Profiling Of 3 Games Running On The S3 ViRGE Chip
This web site reflects a project which was done for
CS348c, the Computer
Graphics Architectures Course at Stanford
University.
Project Goals
In studying graphics architectures during the course it became apparent that
the distribution of triangles being sent into the graphics pipeline could have
a profound effect on its performance. Depending on triangle sizes, the system
factor which determines performance could be either fill rate, or triangle
setup bound. By knowing approximately
what the distribution of triangle sizes to expect in a given environment,
hardware can be designed to address fill rate or triangle setup depending on
which is the critical bottleneck. Since PCs are an emerging market for
accelerated 3D, we decided to look at the triangle content of 3D Dos games.
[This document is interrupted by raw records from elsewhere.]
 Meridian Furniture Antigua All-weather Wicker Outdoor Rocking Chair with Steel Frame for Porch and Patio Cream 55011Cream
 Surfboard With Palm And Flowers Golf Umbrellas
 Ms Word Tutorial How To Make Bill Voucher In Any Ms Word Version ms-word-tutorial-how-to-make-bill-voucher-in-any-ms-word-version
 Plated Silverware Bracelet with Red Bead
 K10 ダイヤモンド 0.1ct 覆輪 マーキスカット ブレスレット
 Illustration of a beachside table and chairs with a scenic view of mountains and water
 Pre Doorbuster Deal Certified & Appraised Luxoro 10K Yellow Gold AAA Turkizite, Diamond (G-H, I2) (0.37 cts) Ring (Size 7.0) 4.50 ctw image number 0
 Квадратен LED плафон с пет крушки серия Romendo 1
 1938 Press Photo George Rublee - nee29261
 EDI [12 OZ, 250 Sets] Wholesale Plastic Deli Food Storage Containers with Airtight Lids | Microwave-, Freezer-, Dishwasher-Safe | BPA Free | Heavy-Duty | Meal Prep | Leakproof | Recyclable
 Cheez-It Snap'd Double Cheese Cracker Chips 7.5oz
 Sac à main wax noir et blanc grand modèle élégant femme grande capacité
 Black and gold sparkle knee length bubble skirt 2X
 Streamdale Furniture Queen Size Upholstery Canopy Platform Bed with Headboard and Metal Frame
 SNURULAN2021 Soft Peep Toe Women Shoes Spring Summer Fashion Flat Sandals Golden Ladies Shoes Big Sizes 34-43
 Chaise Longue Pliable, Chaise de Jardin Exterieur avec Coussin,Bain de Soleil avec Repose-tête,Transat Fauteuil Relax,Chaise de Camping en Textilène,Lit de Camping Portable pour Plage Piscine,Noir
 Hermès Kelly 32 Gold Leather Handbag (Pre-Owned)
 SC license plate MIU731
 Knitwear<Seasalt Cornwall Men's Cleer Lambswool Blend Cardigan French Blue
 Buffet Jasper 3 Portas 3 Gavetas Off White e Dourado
Unfortunately, there is no easy way to get at the internals of 3D Dos games
which usually have highly optimized software engines. S3 Inc. recently released a new graphics accelerator chip with a 3D
sub-system known as ViRGE.
We arranged with S3 to have access to their driver code, so that we
could log all triangles being sent to the on board accelerator and analyze
the triangle content and texture use of Descent II, Terminal Velocity, and
Actua Soccer, three games which were specially ported to ship as bundle sales
with graphics boards which use ViRGE.
There is a copy of our initial project proposal
here.
Project Phases
This project has basically consisted of three phases, modifying the driver to
do logging, creating a parsing program to generate all of the statistics from
the log files, and synthesizing everything into this web site.
Phase 1
Although the initial driver had been constructed with logging in mind, our
first main task was to get the driver to successfully log all of the
statistics we were interested in. S3 ships a toolkit library to developers
which want to support their chip. The library can be linked in with the
game developers program. The game code makes calls into the library to set
the state of the graphics sub-system and to command it to render triangles. An
interesting feature is that the library was designed so that a modified
version of the library could be loaded before the game, and sub-routine calls
could thereby be rerouted into the modified driver. This was the key to our
being able to trap the calls from the game applications.
Once we had a good understanding of the architecture of the driver and library,
we had to place the logging points at the appropriate locations in the code.
Unfortunately, the S3 toolkit has multiple points of entry, so it was
somewhat tricky to find the best location to place the logging code. If it
was placed in too many locations, you got redundant information, and if
placed in too few locations you didn't receive all of the data from the game.
Eventually we were able to suitably instrument the code to reliably dump
all of the information we needed (see the Graph
Descriptions for exactly what was logged).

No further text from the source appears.